(Data entries)
▼▼▼

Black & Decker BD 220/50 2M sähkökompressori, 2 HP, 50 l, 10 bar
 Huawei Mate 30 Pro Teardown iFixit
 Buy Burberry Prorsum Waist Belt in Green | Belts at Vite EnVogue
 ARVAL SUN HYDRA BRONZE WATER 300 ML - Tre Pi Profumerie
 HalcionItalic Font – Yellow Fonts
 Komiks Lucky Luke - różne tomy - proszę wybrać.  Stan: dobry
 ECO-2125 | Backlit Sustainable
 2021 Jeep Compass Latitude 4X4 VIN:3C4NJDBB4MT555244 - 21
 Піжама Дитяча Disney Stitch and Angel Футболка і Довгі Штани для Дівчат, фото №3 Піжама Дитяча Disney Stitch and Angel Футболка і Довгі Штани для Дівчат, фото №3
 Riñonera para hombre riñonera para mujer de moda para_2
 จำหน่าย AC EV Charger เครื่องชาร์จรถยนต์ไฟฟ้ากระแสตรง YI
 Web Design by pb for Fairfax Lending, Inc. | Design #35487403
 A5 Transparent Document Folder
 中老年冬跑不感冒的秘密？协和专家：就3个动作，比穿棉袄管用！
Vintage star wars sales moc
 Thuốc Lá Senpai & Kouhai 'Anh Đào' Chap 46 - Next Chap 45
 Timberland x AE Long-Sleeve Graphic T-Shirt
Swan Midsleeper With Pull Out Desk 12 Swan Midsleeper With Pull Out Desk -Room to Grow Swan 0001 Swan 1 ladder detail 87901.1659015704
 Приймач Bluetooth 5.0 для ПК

▲▲▲

• [WHAT IS BEING ASKED] The entries above should be copied out exactly, with none left out.

• [TASK ANSWER]
Black & Decker BD 220/50 2M sähkökompressori, 2 HP, 50 l, 10 bar
 Huawei Mate 30 Pro Teardown iFixit
 Buy Burberry Prorsum Waist Belt in Green | Belts at Vite EnVogue
 ARVAL SUN HYDRA BRONZE WATER 300 ML - Tre Pi Profumerie
 HalcionItalic Font – Yellow Fonts
 Komiks Lucky Luke - różne tomy - proszę wybrać.  Stan: dobry
 ECO-2125 | Backlit Sustainable
 2021 Jeep Compass Latitude 4X4 VIN:3C4NJDBB4MT555244 - 21
 Піжама Дитяча Disney Stitch and Angel Футболка і Довгі Штани для Дівчат, фото №3 Піжама Дитяча Disney Stitch and Angel Футболка і Довгі Штани для Дівчат, фото №3
 Riñonera para hombre riñonera para mujer de moda para_2
 จำหน่าย AC EV Charger เครื่องชาร์จรถยนต์ไฟฟ้ากระแสตรง YI
 Web Design by pb for Fairfax Lending, Inc. | Design #35487403
 A5 Transparent Document Folder
 中老年冬跑不感冒的秘密？协和专家：就3个动作，比穿棉袄管用！
Vintage star wars sales moc
 Thuốc Lá Senpai & Kouhai 'Anh Đào' Chap 46 - Next Chap 45
 Timberland x AE Long-Sleeve Graphic T-Shirt
Swan Midsleeper With Pull Out Desk 12 Swan Midsleeper With Pull Out Desk -Room to Grow Swan 0001 Swan 1 ladder detail 87901.1659015704
 Приймач Bluetooth 5.0 для ПК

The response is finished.